On the scale map, there is a rectangular land with a length of 3.2 cm and a width of 1.2 cm. What is the actual perimeter and area of this land?
Analysis: To ask the actual perimeter and area, you should ask the actual length and width. According to the meaning of scale, the length and width are solved by equation, and then the actual perimeter and area are calculated.
Solution: Let the actual length of this land be χ cm and the width be y cm.
=
χ=3.2×50000
χ= 160000
160000m =1600m
=
y= 1.2×50000
y=60000
60000 cm =600 m
Circumference: (1600+600) × 2
=2200×2
=4400 meters
Area:1600× 600 = 960,000 square meters
A: The actual perimeter of this land is 4,400 meters; The actual area is 960,000 square meters.
Can this problem be solved by arithmetic? Just try it.

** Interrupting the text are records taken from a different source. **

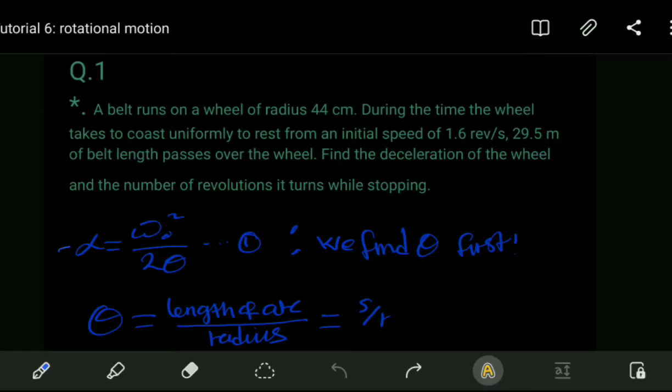We are given that there's a belt passing over this wheel. The first thing to consider is that the equations here are quite analogous to those of linear motion. Since we are finding the deceleration, when the wheel stops rotating, the final angular speed is going to be zero.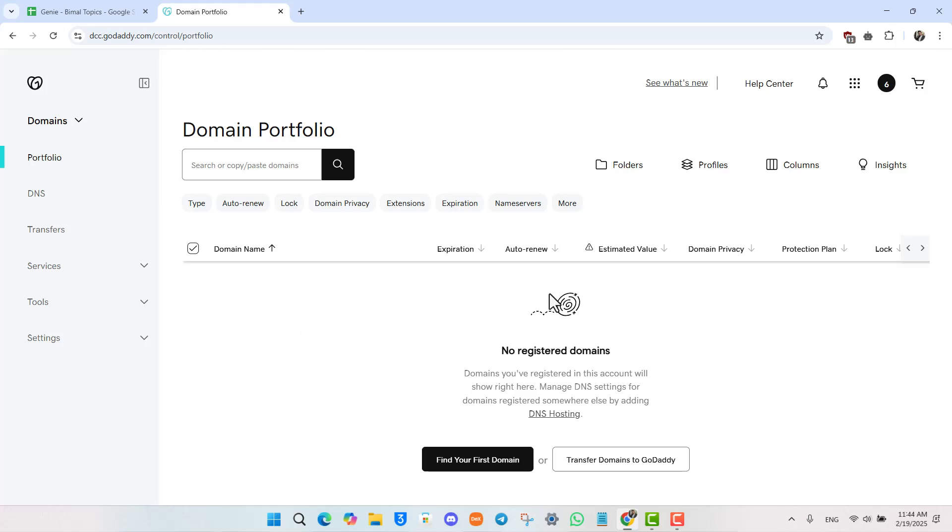So just click the List for Sale option after you find your registered domains. And from there, you'll be able to follow the instructions, enter the price and list your domain for sale.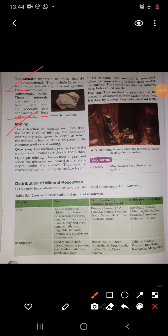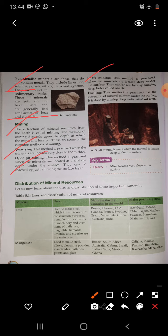Let's move to another topic: mining. The extraction of mineral resources from the earth is called mining. The method of mining depends upon the depth at which the mineral is located. The first method is quarrying — practiced when minerals are located very close to the surface. Next is open pit mining — practiced when minerals are located at a shallow depth and can be reached by removing surface layers. Then there is shaft mining — practiced when minerals are located deep under the surface, reached by digging deep holes called shafts. Finally, drilling is practiced for the extraction of oil from under the surface by digging deep wells called oil wells.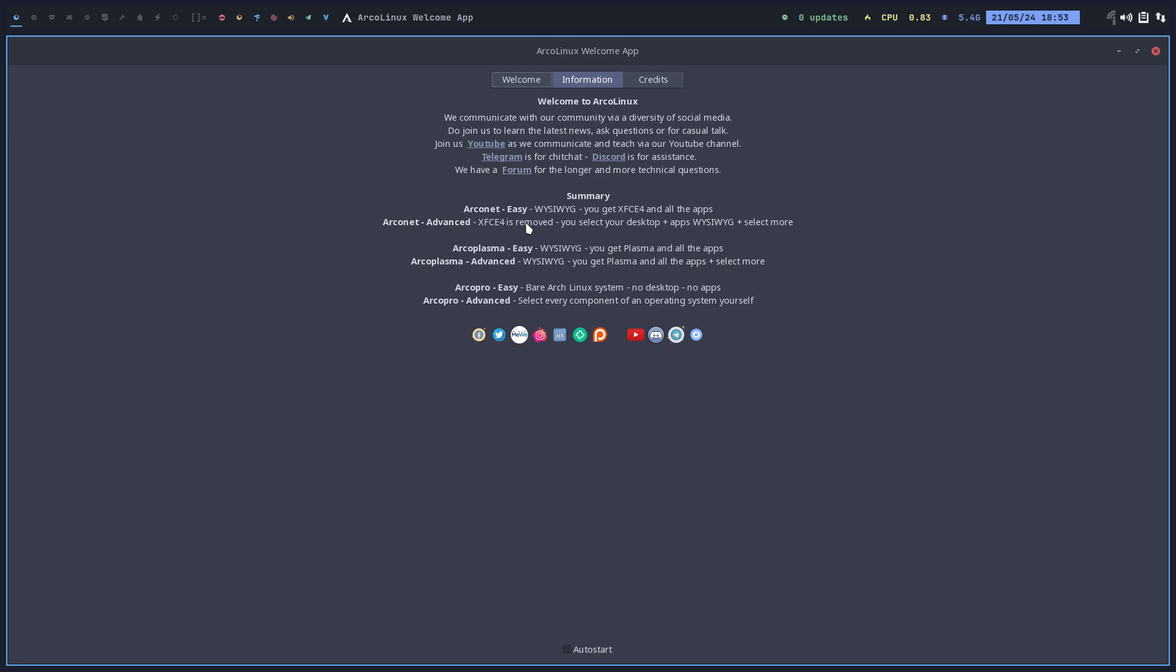You decide to install MATE, you install BSPWM, Xmonad, Plasma again. But then again there is ArcoPlasma and that's better for you, better settings.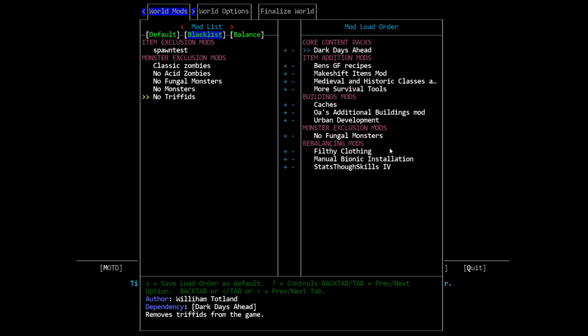If you're interested in doing that, you can check the discord or the forum for Cataclysm Dark Days Ahead. There are people there every single day that are willing to help you learn to mod. There is a beginner's guide to modding.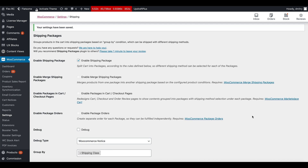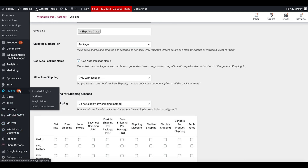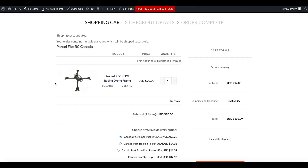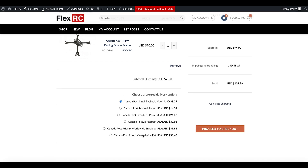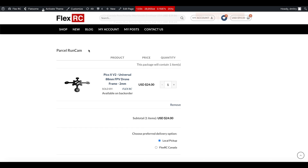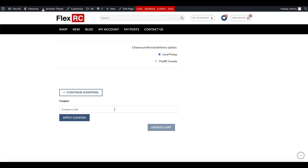One more item I wanted to cover quickly is the Marketplace Cart plugin, which works very nicely together with Shipping Packages. We'll go back into Plugins, activate Marketplace Cart, then go to the cart and refresh. Now you can see the cart looks fairly different from before — packages are visually separated. One package is shown here with its shipping method selection just underneath, and the second package also has its name on top, the product, and shipping method selection below, with a coupon field as well.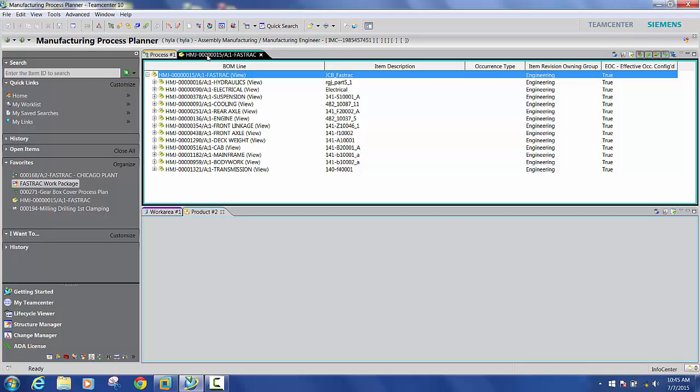Now this is the complete structure of the assembly which we want to manufacture. And once again we'll use this E-BOM data throughout our manufacturing planning process.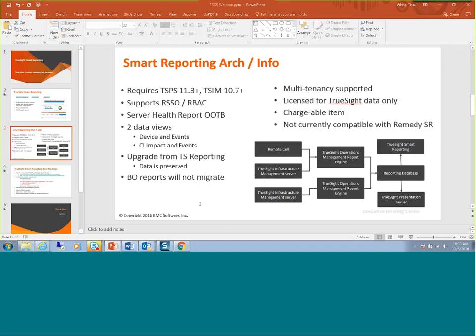Ricky asked about version requirements and the recording. Yes, 11.3 is the minimum TrueSight Presentation Server version. Infrastructure Manager minimum is 10.7. This is being recorded and we will send out the presentation. Also, Mayank, we understand that setting up different reporting solutions for the different TrueSight products is a pain, and we hear that feedback loud and clear.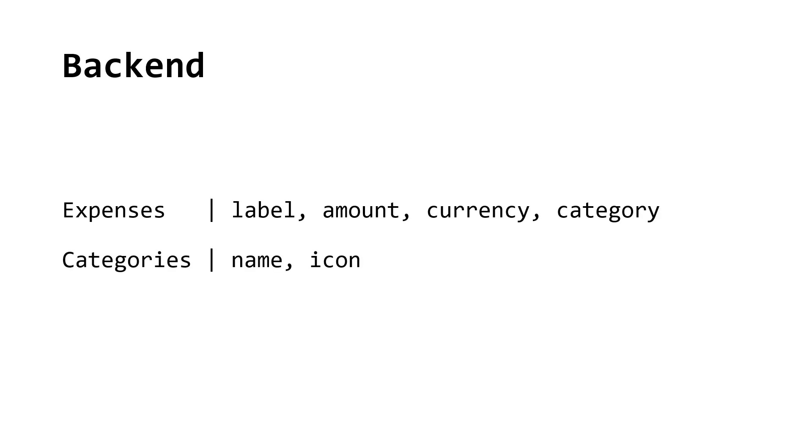The category will be linked to a table called Categories which includes Name and Icon fields. The backend will also handle user registration, login and the management of expenses.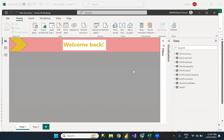Hi everyone, welcome back. I'm Akhila. In this video, let us see how to add a static table with data in Power BI.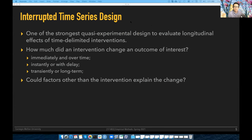These are the kinds of questions one can answer with some confidence using this technique. For example: how much did some intervention change an outcome of interest, if at all? How much did it change it immediately versus over time? Did it change it instantly or with some delay? Was the change transient or did it continue long-term? This framework also allows one to reason about other factors besides the intervention that may explain that change.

Example 8: A and B are 540 kilometers apart, and two cars, A and B, leave from A and B at the same time. After 9 hours of meeting, it is known that the speed of car A is three times that of car B, so what are the speeds of car A and car B respectively?
Analysis: According to the meaning of the question, two equivalent relationships can be found:
The distance between garage A and garage B is equal to the distance between A and B; The sum of the speed of car A and the speed of car B multiplied by the travel time is equal to the distance between a and b, but it is better to set the unknown as χ and use this quantity to represent another quantity.
If car B travels χ km every hour, then the speed of car A is χ km.
The equation 1 is 3x9+x9 = 540.
Equation 2: (3 χ+χ) × 9 = 540.
Solve the above formula: χ= 15.
3χ= 15×3=45
Answer: A car is 45 kilometers per hour, and B car is 15 kilometers per hour.
[Example 9] A factory used 480 tons of water every month, less than originally planned. /kloc-how many tons of water was originally planned in October?
Analysis: According to "saving compared with the original plan", the original planned quantity is 1, and the unit quantity "1" should be set as χ, which is more convenient to express the saved quantity; Then according to the equation "planned water tonnage-water saving tonnage = actual water tonnage".
Assuming that the original planned water consumption is χ tons, χ tons will be saved.
χ- χ=480
χ=480
χ=540
A:/kloc-540 tons of water was saved in October.
I answered so many questions. Give it to me.